▶ **Exercise description**: Write out, word for word, the first line of the data below and every line after it through the one containing "APPARATUS AND METHOD".

▶ **Extracted records**:
___

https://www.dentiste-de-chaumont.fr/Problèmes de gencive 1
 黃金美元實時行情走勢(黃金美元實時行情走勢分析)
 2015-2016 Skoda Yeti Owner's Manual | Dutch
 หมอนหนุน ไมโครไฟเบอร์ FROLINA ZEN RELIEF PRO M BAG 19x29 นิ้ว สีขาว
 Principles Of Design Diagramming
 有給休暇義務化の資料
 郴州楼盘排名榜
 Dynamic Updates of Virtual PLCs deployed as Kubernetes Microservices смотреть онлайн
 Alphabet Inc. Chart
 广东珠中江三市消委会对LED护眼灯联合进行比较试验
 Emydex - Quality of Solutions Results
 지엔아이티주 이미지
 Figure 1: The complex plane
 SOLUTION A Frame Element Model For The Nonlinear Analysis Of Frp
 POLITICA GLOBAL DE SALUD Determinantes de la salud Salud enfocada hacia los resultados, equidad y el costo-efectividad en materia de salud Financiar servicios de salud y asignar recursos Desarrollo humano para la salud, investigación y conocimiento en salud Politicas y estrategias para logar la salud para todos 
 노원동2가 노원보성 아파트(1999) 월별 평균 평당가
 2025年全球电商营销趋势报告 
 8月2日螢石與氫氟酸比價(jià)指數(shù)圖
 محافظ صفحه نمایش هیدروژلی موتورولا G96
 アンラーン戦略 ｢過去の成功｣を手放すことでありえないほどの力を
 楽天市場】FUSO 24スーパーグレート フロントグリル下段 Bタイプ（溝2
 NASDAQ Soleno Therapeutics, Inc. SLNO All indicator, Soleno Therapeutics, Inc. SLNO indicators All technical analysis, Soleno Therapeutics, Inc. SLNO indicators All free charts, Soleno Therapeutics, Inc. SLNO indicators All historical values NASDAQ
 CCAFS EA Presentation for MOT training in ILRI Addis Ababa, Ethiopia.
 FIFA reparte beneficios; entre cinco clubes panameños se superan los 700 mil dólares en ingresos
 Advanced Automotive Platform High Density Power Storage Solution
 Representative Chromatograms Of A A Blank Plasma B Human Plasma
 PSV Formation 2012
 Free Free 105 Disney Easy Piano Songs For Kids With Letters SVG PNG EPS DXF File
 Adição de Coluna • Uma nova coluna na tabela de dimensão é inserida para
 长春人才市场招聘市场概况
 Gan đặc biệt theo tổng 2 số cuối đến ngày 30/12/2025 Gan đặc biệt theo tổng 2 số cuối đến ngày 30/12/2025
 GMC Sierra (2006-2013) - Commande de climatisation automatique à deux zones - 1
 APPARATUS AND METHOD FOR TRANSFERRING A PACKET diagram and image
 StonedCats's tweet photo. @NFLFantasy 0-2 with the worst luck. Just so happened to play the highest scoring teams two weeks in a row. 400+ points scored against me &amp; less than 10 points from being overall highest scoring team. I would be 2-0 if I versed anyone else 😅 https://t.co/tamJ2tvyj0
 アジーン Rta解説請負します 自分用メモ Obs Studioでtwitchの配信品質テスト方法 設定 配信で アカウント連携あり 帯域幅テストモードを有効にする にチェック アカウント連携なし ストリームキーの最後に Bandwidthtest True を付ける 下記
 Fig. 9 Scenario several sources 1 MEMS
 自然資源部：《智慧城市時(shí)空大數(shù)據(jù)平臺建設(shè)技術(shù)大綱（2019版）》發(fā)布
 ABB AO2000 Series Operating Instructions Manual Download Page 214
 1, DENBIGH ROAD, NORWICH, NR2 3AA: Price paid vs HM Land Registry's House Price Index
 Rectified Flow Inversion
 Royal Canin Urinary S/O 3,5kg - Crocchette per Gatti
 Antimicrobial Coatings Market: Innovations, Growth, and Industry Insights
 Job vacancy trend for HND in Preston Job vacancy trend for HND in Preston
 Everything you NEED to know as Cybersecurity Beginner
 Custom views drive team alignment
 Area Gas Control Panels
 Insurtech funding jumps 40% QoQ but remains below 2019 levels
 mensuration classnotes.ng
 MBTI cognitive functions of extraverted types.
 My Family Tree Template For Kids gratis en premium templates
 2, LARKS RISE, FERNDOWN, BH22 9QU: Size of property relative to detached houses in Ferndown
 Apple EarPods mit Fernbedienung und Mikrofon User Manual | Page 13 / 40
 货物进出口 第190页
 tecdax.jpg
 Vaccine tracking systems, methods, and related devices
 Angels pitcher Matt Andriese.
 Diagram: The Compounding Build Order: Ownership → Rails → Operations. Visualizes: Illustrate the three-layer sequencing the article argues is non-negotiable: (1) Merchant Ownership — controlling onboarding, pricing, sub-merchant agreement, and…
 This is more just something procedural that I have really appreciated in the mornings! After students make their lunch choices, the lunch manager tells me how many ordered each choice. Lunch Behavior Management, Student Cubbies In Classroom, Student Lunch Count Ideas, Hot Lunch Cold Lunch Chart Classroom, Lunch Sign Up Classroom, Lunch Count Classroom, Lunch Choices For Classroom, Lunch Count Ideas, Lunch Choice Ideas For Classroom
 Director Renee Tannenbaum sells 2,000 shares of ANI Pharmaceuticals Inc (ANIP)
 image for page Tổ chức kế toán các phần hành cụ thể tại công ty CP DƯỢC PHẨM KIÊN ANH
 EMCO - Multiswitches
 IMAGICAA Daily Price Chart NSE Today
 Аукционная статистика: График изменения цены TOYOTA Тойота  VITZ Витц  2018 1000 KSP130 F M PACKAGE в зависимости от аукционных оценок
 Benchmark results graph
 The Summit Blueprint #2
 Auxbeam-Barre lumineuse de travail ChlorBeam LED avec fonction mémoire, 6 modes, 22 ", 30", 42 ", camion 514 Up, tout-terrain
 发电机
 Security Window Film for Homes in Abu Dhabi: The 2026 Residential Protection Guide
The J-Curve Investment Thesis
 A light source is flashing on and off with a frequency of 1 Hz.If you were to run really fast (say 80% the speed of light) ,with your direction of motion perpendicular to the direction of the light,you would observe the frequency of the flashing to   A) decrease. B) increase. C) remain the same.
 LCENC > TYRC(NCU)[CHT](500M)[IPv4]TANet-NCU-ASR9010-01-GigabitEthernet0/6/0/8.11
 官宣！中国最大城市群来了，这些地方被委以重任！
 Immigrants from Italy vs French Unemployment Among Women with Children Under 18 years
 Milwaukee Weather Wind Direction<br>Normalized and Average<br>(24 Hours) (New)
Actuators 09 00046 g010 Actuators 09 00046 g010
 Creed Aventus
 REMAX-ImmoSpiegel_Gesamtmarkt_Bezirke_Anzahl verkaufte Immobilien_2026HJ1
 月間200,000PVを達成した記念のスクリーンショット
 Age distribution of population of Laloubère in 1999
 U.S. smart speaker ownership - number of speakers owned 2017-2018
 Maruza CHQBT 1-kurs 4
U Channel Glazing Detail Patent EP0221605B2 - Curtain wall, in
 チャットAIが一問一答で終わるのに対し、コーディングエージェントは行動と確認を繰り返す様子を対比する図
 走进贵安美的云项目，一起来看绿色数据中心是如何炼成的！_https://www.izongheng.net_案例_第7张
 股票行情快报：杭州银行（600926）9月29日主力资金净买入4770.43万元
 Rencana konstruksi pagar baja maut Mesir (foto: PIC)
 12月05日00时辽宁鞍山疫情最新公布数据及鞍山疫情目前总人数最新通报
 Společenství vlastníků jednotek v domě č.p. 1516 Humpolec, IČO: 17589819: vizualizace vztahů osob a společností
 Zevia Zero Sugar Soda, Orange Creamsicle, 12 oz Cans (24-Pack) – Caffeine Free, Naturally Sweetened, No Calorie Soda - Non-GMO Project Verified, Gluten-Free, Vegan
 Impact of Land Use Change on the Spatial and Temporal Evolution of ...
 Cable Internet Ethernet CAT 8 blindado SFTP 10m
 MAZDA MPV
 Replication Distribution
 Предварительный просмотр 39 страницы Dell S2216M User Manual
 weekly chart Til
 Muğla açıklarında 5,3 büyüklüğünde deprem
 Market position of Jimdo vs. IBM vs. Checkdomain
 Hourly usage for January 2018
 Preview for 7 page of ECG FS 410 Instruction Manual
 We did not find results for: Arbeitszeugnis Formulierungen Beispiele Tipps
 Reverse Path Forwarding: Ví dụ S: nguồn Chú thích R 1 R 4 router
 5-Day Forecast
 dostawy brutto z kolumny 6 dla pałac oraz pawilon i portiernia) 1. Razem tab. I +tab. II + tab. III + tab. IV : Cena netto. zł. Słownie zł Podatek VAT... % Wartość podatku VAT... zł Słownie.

___

▶ **Result**:
https://www.dentiste-de-chaumont.fr/Problèmes de gencive 1
 黃金美元實時行情走勢(黃金美元實時行情走勢分析)
 2015-2016 Skoda Yeti Owner's Manual | Dutch
 หมอนหนุน ไมโครไฟเบอร์ FROLINA ZEN RELIEF PRO M BAG 19x29 นิ้ว สีขาว
 Principles Of Design Diagramming
 有給休暇義務化の資料
 郴州楼盘排名榜
 Dynamic Updates of Virtual PLCs deployed as Kubernetes Microservices смотреть онлайн
 Alphabet Inc. Chart
 广东珠中江三市消委会对LED护眼灯联合进行比较试验
 Emydex - Quality of Solutions Results
 지엔아이티주 이미지
 Figure 1: The complex plane
 SOLUTION A Frame Element Model For The Nonlinear Analysis Of Frp
 POLITICA GLOBAL DE SALUD Determinantes de la salud Salud enfocada hacia los resultados, equidad y el costo-efectividad en materia de salud Financiar servicios de salud y asignar recursos Desarrollo humano para la salud, investigación y conocimiento en salud Politicas y estrategias para logar la salud para todos 
 노원동2가 노원보성 아파트(1999) 월별 평균 평당가
 2025年全球电商营销趋势报告 
 8月2日螢石與氫氟酸比價(jià)指數(shù)圖
 محافظ صفحه نمایش هیدروژلی موتورولا G96
 アンラーン戦略 ｢過去の成功｣を手放すことでありえないほどの力を
 楽天市場】FUSO 24スーパーグレート フロントグリル下段 Bタイプ（溝2
 NASDAQ Soleno Therapeutics, Inc. SLNO All indicator, Soleno Therapeutics, Inc. SLNO indicators All technical analysis, Soleno Therapeutics, Inc. SLNO indicators All free charts, Soleno Therapeutics, Inc. SLNO indicators All historical values NASDAQ
 CCAFS EA Presentation for MOT training in ILRI Addis Ababa, Ethiopia.
 FIFA reparte beneficios; entre cinco clubes panameños se superan los 700 mil dólares en ingresos
 Advanced Automotive Platform High Density Power Storage Solution
 Representative Chromatograms Of A A Blank Plasma B Human Plasma
 PSV Formation 2012
 Free Free 105 Disney Easy Piano Songs For Kids With Letters SVG PNG EPS DXF File
 Adição de Coluna • Uma nova coluna na tabela de dimensão é inserida para
 长春人才市场招聘市场概况
 Gan đặc biệt theo tổng 2 số cuối đến ngày 30/12/2025 Gan đặc biệt theo tổng 2 số cuối đến ngày 30/12/2025
 GMC Sierra (2006-2013) - Commande de climatisation automatique à deux zones - 1
 APPARATUS AND METHOD FOR TRANSFERRING A PACKET diagram and image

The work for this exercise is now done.